Captioned web image data
= Beginning of Section =
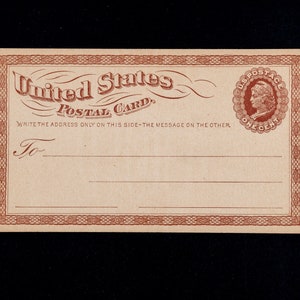 Puede incluir: Una tarjeta postal vintage de los Estados Unidos con un borde rojo y un sello de un centavo con el perfil de una mujer. El texto "United States Postal Card" está impreso en rojo en la parte superior de la tarjeta. El texto "WRITE THE ADDRESS ONLY ON THIS SIDE-THE MESSAGE ON THE OTHER" está impreso en rojo debajo del título de la tarjeta. El texto "To" está impreso en rojo debajo de las instrucciones.
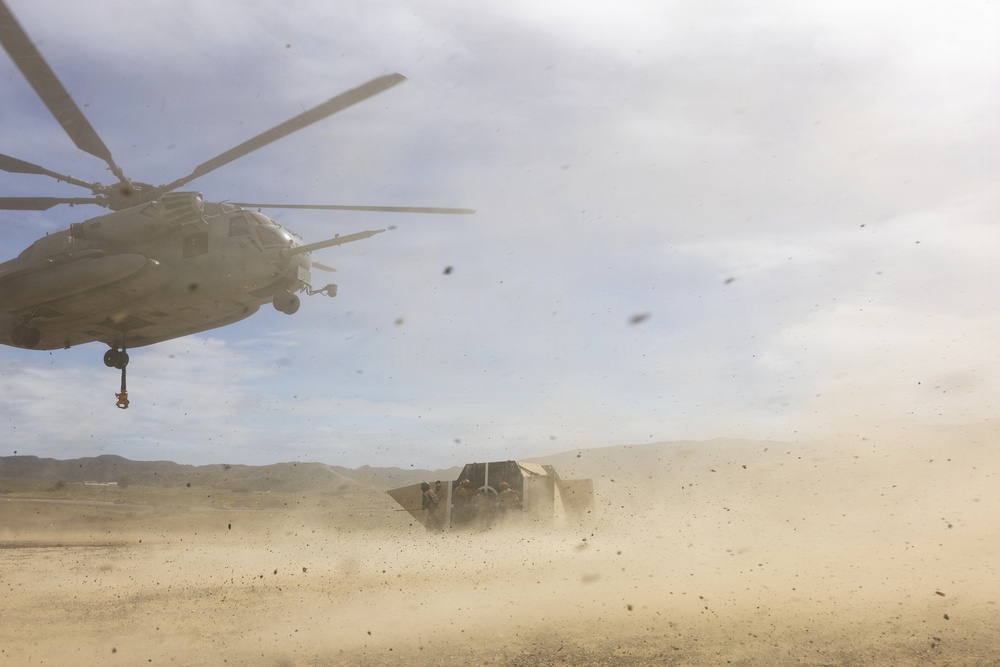1st DSB and HMH-465 Marines conduct HST training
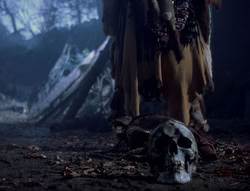 extant_XenaWarriorPrincess_5x05-ThemBonesThemBones_1848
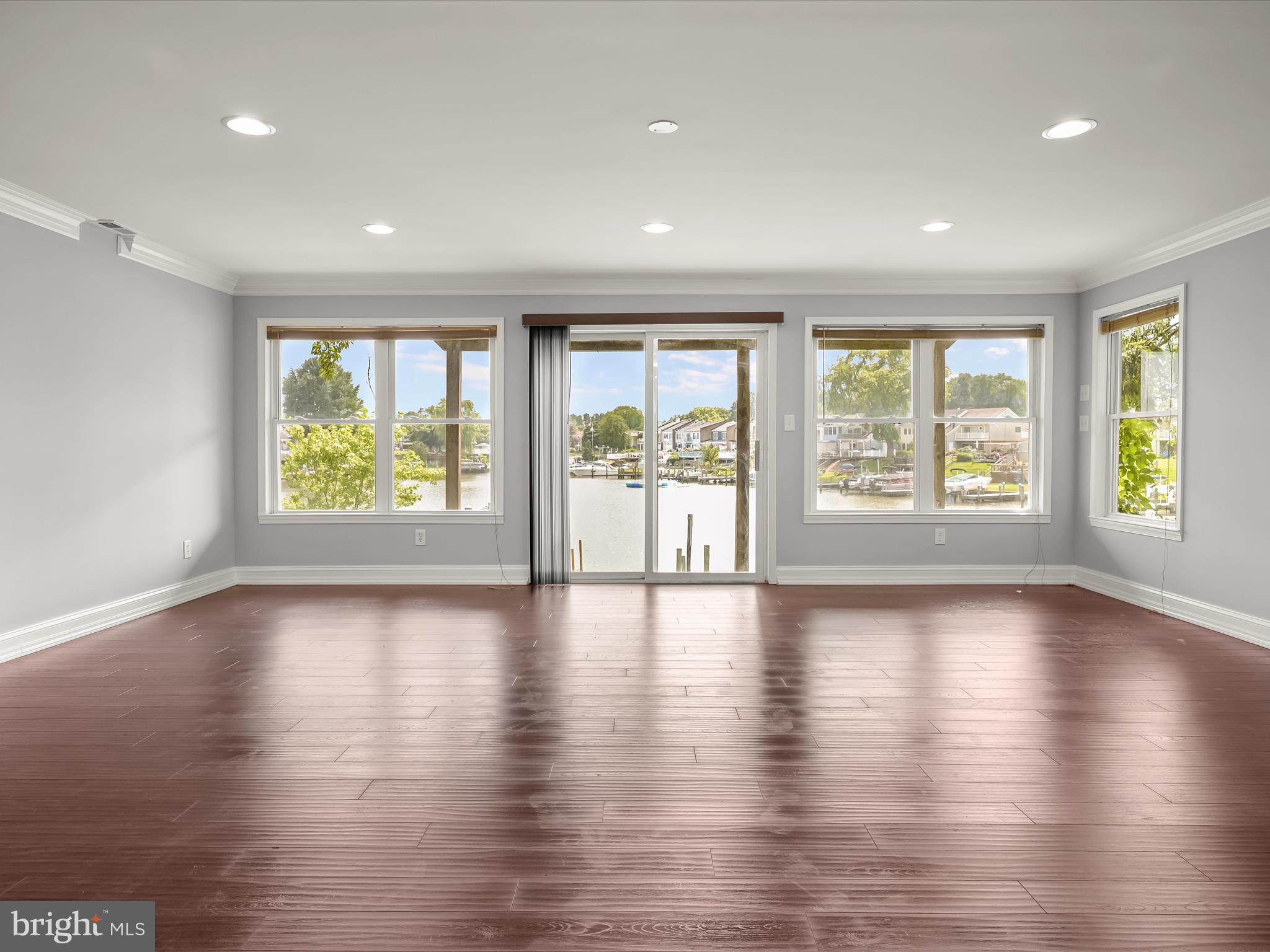 558 Anchor Drive Joppa, MD 21085 - Photo 9 of 63 Living Room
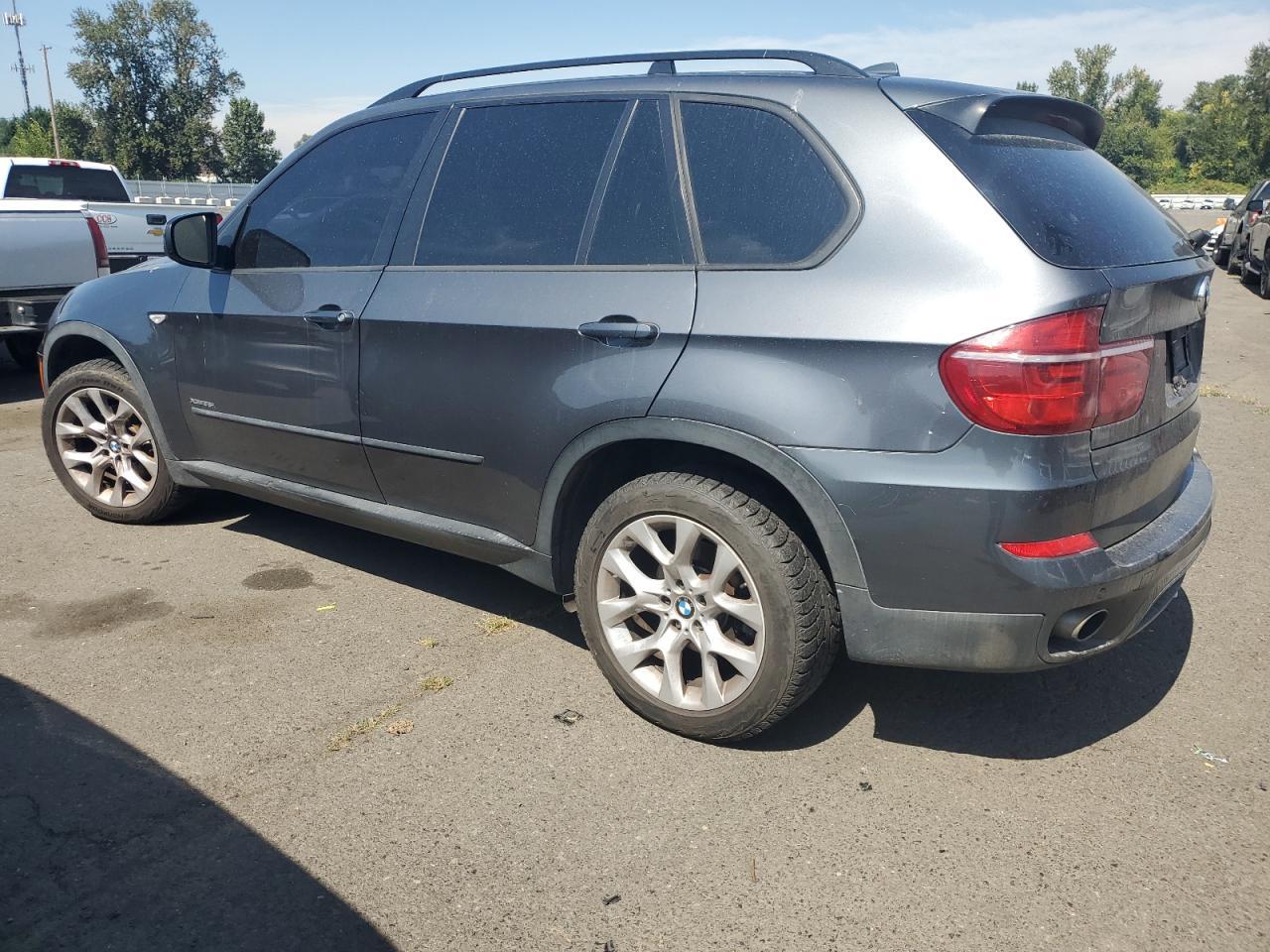 2012 BMW X5 xDrive35I - Image 2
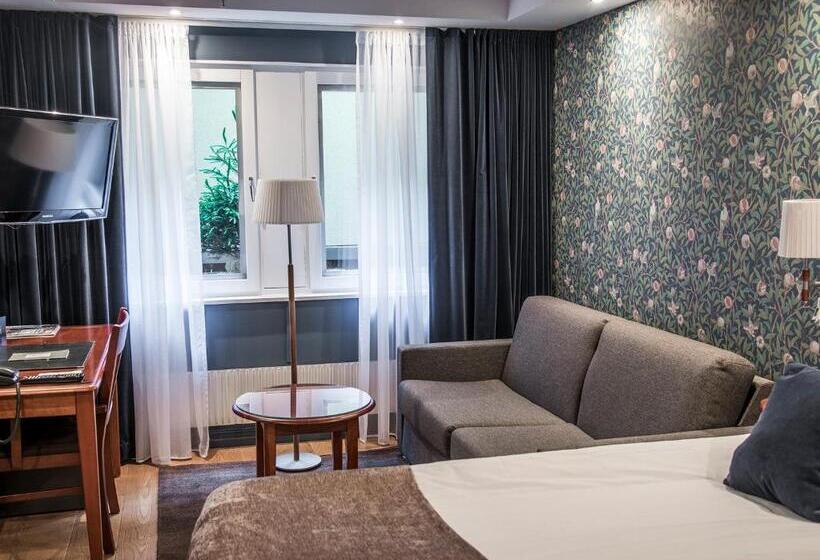 Классический Номер, Varbergs Stadshotell & Asia Spa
= End of Section =
§ Try it
Every line from the top of the records above to the line with "1st DSB and", inclusive, should be duplicated exactly, minus the pictures.

§ Response to this exercise
 Puede incluir: Una tarjeta postal vintage de los Estados Unidos con un borde rojo y un sello de un centavo con el perfil de una mujer. El texto "United States Postal Card" está impreso en rojo en la parte superior de la tarjeta. El texto "WRITE THE ADDRESS ONLY ON THIS SIDE-THE MESSAGE ON THE OTHER" está impreso en rojo debajo del título de la tarjeta. El texto "To" está impreso en rojo debajo de las instrucciones.
1st DSB and HMH-465 Marines conduct HST training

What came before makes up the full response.